→ **Task details**
Each line that contains "Trees" needs to be copied from the listing.

─── Input data ───

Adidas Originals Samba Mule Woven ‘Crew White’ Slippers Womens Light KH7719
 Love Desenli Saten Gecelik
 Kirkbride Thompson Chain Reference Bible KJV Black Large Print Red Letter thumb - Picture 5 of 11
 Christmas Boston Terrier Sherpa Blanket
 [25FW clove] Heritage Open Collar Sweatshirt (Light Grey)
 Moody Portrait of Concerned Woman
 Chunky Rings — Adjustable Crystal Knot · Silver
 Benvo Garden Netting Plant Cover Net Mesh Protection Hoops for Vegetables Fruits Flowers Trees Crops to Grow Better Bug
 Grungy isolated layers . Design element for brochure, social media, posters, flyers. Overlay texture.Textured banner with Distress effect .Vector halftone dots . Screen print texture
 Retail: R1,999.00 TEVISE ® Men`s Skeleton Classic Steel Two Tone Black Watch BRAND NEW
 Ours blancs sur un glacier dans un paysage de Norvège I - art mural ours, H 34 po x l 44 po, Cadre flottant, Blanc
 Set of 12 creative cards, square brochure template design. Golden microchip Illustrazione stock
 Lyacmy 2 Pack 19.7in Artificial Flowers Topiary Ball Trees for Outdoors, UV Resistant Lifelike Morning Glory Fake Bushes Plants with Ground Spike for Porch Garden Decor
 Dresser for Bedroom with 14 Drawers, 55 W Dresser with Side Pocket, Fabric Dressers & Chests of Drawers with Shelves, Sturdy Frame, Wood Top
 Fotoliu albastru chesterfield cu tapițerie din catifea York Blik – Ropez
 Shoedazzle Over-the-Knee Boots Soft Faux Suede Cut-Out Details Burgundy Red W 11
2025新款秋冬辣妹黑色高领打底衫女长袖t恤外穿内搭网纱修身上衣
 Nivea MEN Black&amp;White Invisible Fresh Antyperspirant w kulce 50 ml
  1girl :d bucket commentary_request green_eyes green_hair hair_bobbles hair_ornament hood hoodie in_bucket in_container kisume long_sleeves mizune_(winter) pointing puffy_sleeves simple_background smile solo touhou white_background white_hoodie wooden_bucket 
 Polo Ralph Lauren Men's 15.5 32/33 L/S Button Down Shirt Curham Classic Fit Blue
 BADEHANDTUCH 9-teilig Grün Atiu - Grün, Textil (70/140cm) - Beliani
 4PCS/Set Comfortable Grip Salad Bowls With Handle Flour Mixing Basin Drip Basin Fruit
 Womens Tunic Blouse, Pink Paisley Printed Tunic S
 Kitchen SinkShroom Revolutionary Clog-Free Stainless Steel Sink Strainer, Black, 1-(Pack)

───

→ **Result for this task**
 Benvo Garden Netting Plant Cover Net Mesh Protection Hoops for Vegetables Fruits Flowers Trees Crops to Grow Better Bug
 Lyacmy 2 Pack 19.7in Artificial Flowers Topiary Ball Trees for Outdoors, UV Resistant Lifelike Morning Glory Fake Bushes Plants with Ground Spike for Porch Garden Decor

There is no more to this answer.